Materialize v0.27

v0.27.0 is the first cloud-native release of Materialize. It contains substantial breaking changes from v0.26 LTS.

v0.27.0

Add clusters and cluster replicas, which together allocate isolated, highly available, and horizontally scalable compute resources that incrementally maintain a “cluster” of indexes.
Add materialized views, which are views that are persisted in durable storage and incrementally updated as new data arrives.

A materialized view is created in a cluster that is tasked with keeping its results up-to-date, but can be referenced in any cluster.

The result of a materialized view is not maintained in memory, unless you create an index on it.
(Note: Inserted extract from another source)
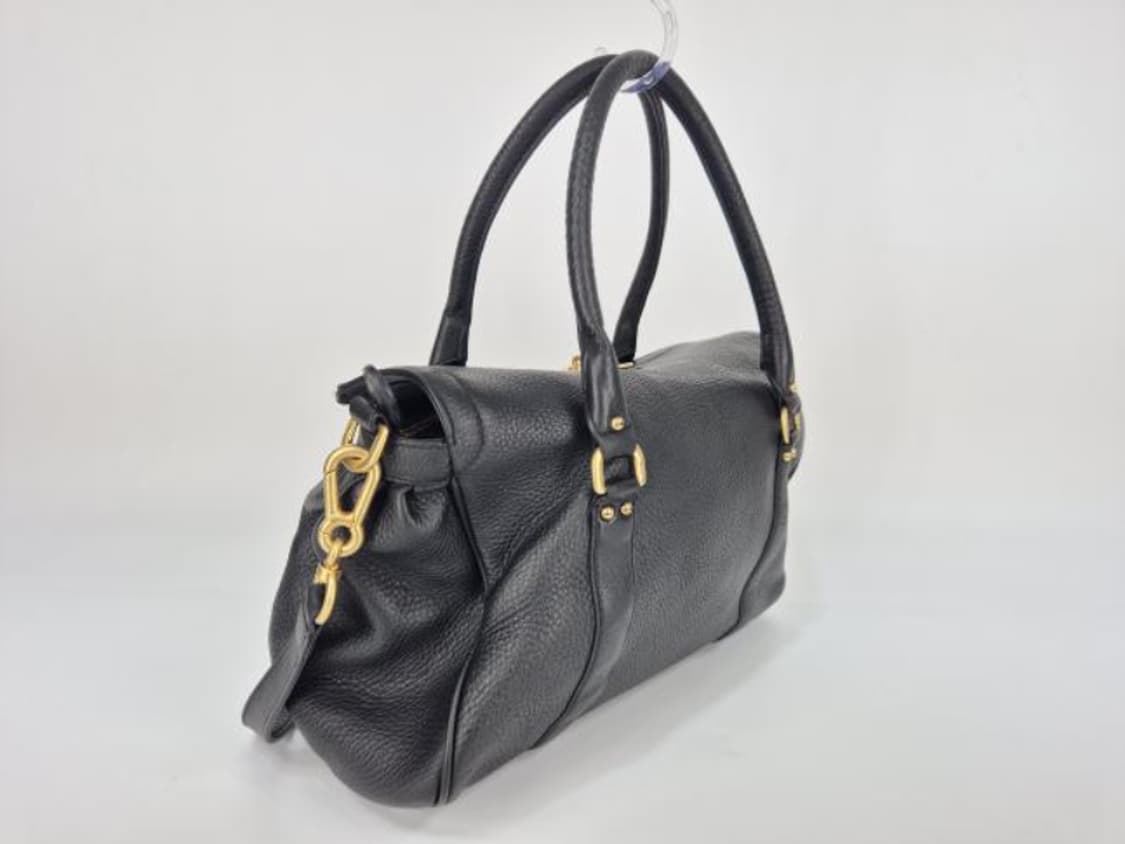 질바이질스튜어트 숄더백 상품이미지3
However, intermediate state necessary for efficient incremental updates of the materialized view may be maintained in memory.
Add connections, which describe how to connect to and authenticate with external systems. Once created, a connection is reusable across multiple CREATE SOURCE and CREATE SINK statements.
Add secrets, which securely store sensitive credentials (like passwords and SSL keys) for reference in connections.
Durably record data ingested from sources.
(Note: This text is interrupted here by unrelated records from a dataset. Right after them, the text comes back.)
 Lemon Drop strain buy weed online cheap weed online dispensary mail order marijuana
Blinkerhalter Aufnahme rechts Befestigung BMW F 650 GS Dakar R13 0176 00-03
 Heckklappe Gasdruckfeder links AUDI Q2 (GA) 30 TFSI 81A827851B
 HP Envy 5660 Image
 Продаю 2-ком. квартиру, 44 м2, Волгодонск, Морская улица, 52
Once a source has acknowledged data upstream (e.g., via committing a Kafka offset or advancing a PostgreSQL replication slot), it will never re-read that data. As a result, PostgreSQL sources no longer have a “single materialization” limitation. All sources are directly queryable via SELECT.
Allow provisioning the size of a source or sink.

Each source and sink now runs with an isolated set of compute resources. You can adjust the size of the resource allocation with the SIZE parameter.
Add load generator sources, which produce synthetic data for use in demos and performance tests.
Add an HTTP API which supports executing SQL queries over HTTP.
Breaking change. Require all indexes to be associated with a cluster.
Breaking change. Require the use of connections with Kafka sources, PostgreSQL sources, and Kafka sinks.
Breaking change. Rename TAIL to SUBSCRIBE.
Breaking change. Change the meaning of CREATE MATERIALIZED VIEW.

CREATE MATERIALIZED VIEW now creates a new type of object called a materialized view, rather than providing a shorthand for creating a view with a default index.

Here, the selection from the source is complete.